— Your assignment —
In the entries that follow, find the line containing "dr rohrich operating", then output exactly every line from the first through that one.

** Opening Data for processing block **

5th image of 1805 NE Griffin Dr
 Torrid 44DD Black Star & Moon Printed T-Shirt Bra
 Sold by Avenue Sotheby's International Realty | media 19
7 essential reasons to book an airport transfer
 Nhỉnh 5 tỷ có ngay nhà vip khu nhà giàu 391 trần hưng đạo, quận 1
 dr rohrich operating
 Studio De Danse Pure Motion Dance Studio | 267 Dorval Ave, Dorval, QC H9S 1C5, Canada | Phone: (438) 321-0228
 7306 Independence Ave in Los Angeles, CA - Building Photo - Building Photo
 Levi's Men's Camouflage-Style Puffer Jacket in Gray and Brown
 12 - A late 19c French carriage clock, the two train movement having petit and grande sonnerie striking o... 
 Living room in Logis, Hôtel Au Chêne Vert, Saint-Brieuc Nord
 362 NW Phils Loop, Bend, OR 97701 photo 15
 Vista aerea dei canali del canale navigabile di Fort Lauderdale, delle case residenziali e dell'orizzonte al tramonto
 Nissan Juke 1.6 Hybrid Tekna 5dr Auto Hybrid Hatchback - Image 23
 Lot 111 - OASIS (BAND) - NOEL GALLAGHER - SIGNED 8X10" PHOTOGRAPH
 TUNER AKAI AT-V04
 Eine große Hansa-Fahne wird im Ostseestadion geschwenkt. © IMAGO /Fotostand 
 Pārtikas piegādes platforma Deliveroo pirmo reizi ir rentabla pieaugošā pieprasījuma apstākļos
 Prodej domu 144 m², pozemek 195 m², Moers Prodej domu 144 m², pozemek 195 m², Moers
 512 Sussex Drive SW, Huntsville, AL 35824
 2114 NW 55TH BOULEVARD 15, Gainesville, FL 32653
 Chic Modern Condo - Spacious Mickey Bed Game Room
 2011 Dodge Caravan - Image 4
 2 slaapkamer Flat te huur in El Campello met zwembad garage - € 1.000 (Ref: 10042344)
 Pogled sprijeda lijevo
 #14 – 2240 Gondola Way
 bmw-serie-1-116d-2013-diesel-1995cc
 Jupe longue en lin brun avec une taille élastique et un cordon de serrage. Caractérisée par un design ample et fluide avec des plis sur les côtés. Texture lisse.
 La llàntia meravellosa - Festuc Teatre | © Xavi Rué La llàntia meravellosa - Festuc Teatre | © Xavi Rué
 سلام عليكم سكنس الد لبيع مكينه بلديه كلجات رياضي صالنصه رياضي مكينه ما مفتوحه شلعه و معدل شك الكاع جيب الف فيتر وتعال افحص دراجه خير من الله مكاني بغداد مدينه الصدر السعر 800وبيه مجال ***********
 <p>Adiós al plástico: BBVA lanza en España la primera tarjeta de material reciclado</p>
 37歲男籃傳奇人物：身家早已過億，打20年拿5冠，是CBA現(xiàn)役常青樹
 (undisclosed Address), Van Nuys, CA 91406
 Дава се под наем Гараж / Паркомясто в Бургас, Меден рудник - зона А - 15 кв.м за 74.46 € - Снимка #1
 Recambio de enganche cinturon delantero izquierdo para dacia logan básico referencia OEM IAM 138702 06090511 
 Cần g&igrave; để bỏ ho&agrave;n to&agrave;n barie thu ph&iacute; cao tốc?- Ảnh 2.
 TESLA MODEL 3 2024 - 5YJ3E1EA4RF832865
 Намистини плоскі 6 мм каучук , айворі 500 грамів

** Closing Data for processing block **

— Result of this exercise —
5th image of 1805 NE Griffin Dr
 Torrid 44DD Black Star & Moon Printed T-Shirt Bra
 Sold by Avenue Sotheby's International Realty | media 19
7 essential reasons to book an airport transfer
 Nhỉnh 5 tỷ có ngay nhà vip khu nhà giàu 391 trần hưng đạo, quận 1
 dr rohrich operating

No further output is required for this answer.